To determine which of the given equations has the same solution as \((x-7)(x+9)=0\), we first need to solve the original equation.
The solutions to \((x-7)(x+9)=0\) can be found by setting each factor equal to zero:
- \(x - 7 = 0 \Rightarrow x = 7\)
- \(x + 9 = 0 \Rightarrow x = -9\)
So, the solutions are \(x = 7\) and \(x = -9\).
Next, we will check each of the options to see if they also yield these same solutions.

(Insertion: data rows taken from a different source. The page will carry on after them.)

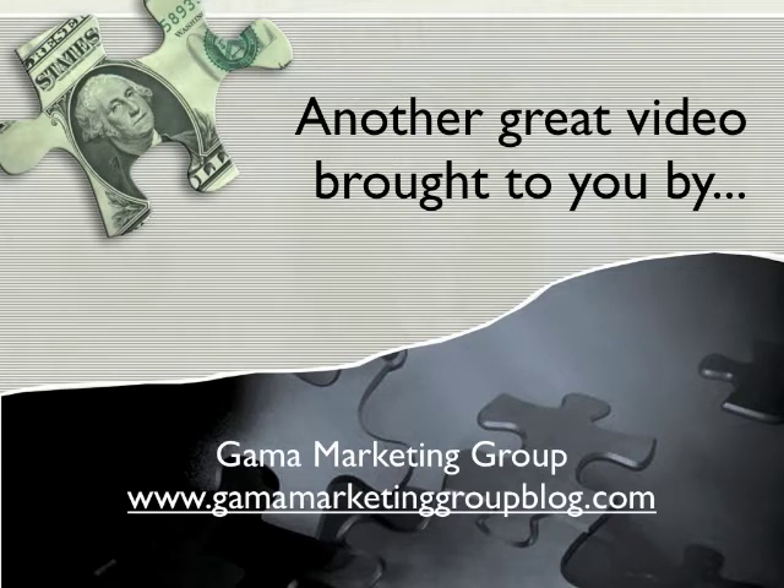Here's another great video brought to you by Gamma Marketing Group. For more great content like this, head over to www.gammamarketinggroupblog.com. Thanks for watching and enjoy the video.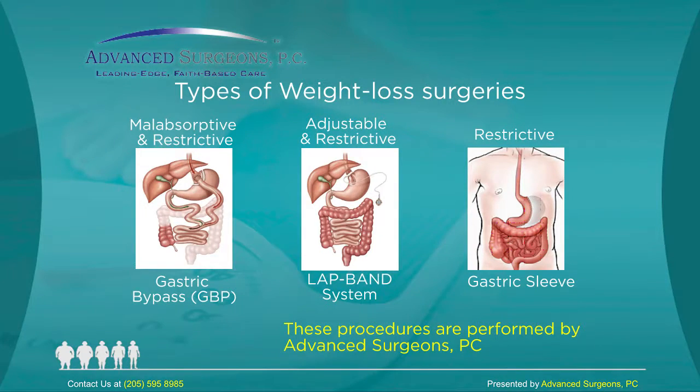There are multiple procedures. The three most common in the U.S. are the sleeve gastrectomy, the laparoscopic gastric bypass — or Roux-en-Y gastric bypass — and the lap band, which used to be very popular about seven years ago but has fallen out of favor now in favor of the gastric sleeve.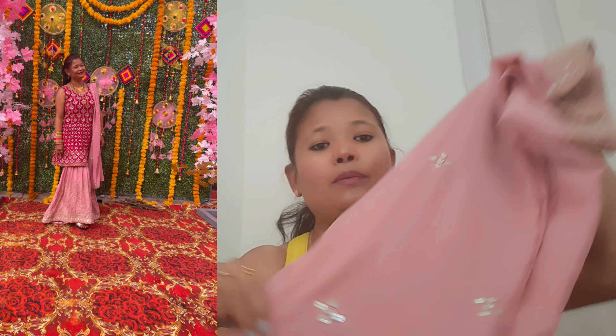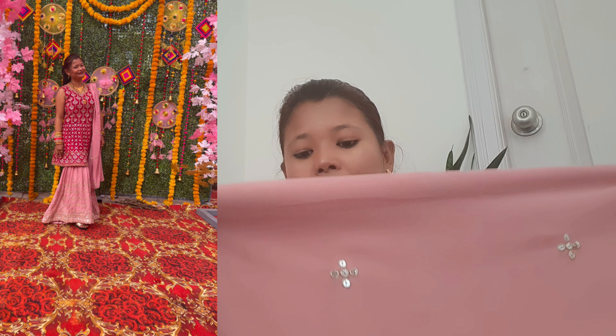This is a peplum top style dress in maroon color. The trousers are onion pink color. The dress is completely worked and the trousers are the same onion pink color — a plain dress. This is a sharara that I got from Myntra, which I wore for the reception night.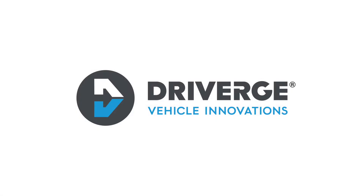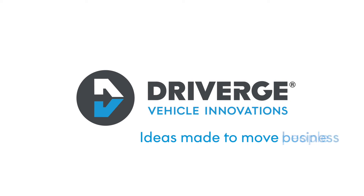Dryverge Vehicle Innovations — ideas made to move you, people, and business.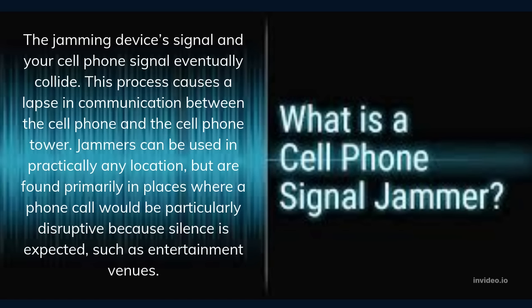Jammers can be used in practically any location, but are found primarily in places where a phone call would be particularly disruptive — where silence is expected, such as entertainment venues, high security zones, or as in my case, in a VIP entourage.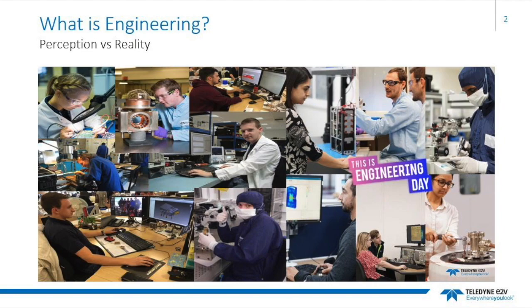Their leaflet can be found on their website, tomorrowsengineers.org.uk. There are many areas of engineering which can be broken down into six major branches.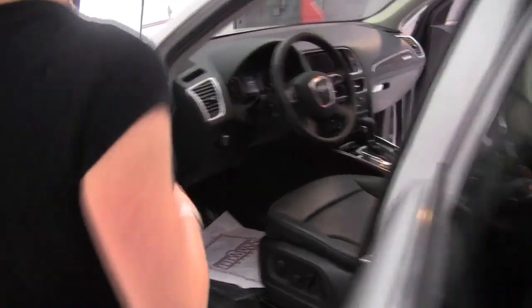This is beautiful — plenty of head and leg room. Let's step into the power front seats and start it up.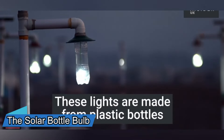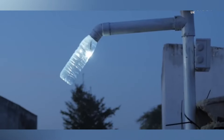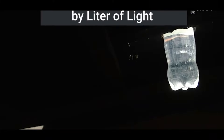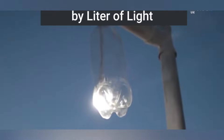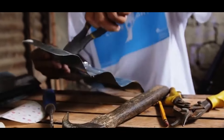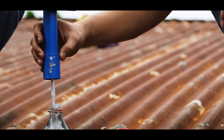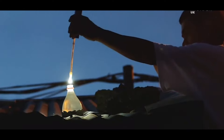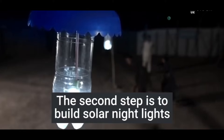In many parts of the world, people live in dark and cramped houses that lack windows or electricity. The solar bottle bulb is a clever solution that uses recycled materials and sunlight to provide illumination. It is a plastic water bottle filled with water and bleach that is inserted into a hole in the roof. The water refracts the sunlight and produces a light equivalent to a 55-watt bulb. The solar bottle bulb is free to make, can last up to 5 years, and has been installed in over a million homes in more than 15 countries.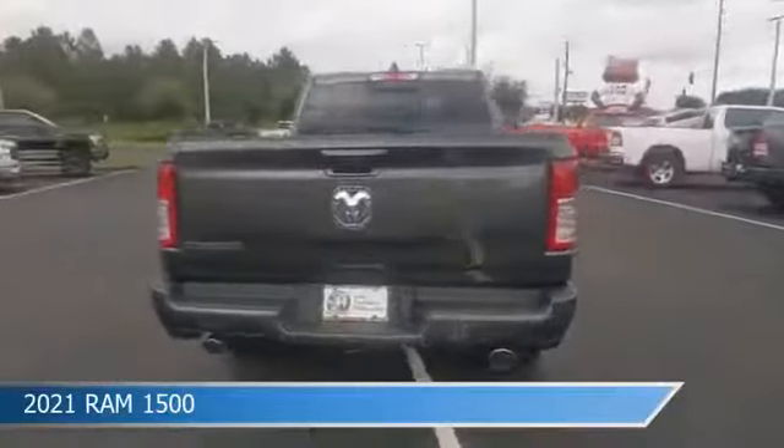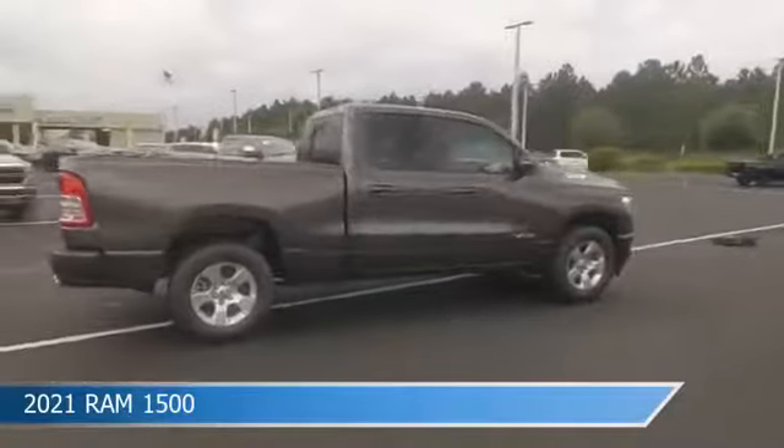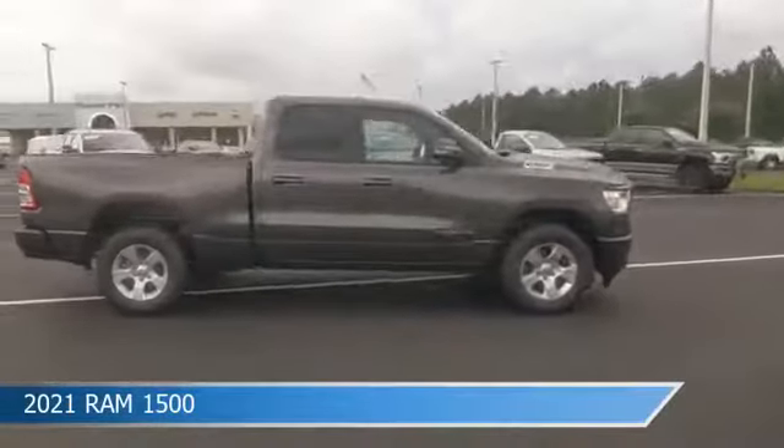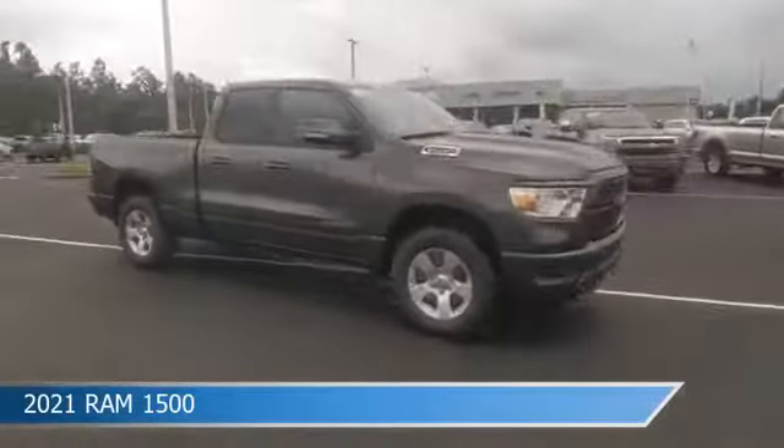Take a look at this 2021 Ram 1500, equipped with an automatic transmission in granite crystal metallic clear coat. This car comes with some great features including adjustable pedals, child safety locks, alloy wheels, anti-lock brakes, and more. Come in and check it out today.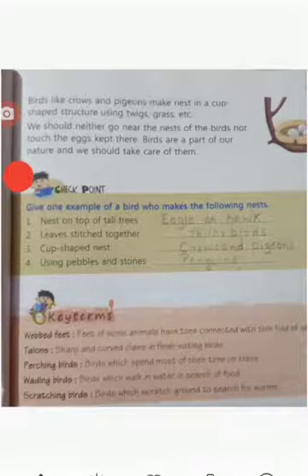Give one example from page number 35: give one example of a bird who makes the following nest. Nest on top of tall trees — eagle or hawk. Leaves stitched together — tailor birds. Cup-shaped nest — crow and pigeons. Using pebbles and stones — penguins.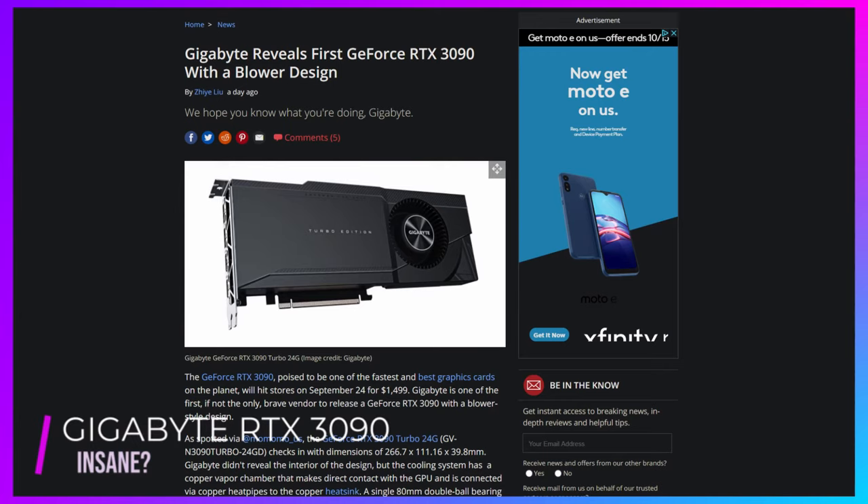Hey guys, what's going on? It's Alex from A2B Gaming. I got some tech news for you, so let's just get right into it. First up and foremost, some RTX 3090 news from Tom's Hardware.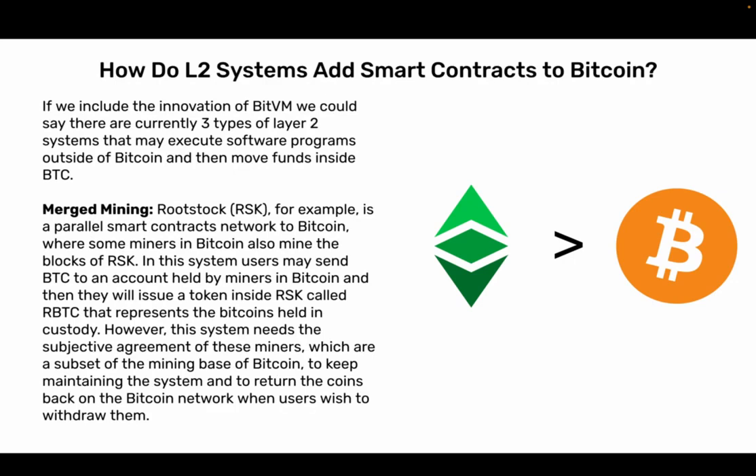How do L2 systems add smart contracts to Bitcoin? Including the innovation of BitVM, there are currently three types of Layer 2 systems that may execute software programs outside of Bitcoin and then move funds inside BTC. The first is merged mining. Rootstock, RSK, for example, is a parallel smart contracts network to Bitcoin where some miners in Bitcoin also mine the blocks of RSK. Users may send BTC to an account held by miners in Bitcoin, and then miners issue a token inside RSK called RBTC representing the Bitcoins held in custody. However, this system requires the subjective agreement of these miners — a subset of Bitcoin's mining base — to maintain the system and return coins to the Bitcoin network when users wish to withdraw.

Option A: \(x^2 = 2x - 63\)
Rearranging gives: \[ x^2 - 2x + 63 = 0 \] Using the quadratic formula to find the solutions: \[ x = \frac{-(-2) \pm \sqrt{(-2)^2 - 4 \cdot 1 \cdot 63}}{2 \cdot 1} = \frac{2 \pm \sqrt{4 - 252}}{2} = \frac{2 \pm \sqrt{-248}}{2} \] Since the discriminant is negative, this does not have real solutions.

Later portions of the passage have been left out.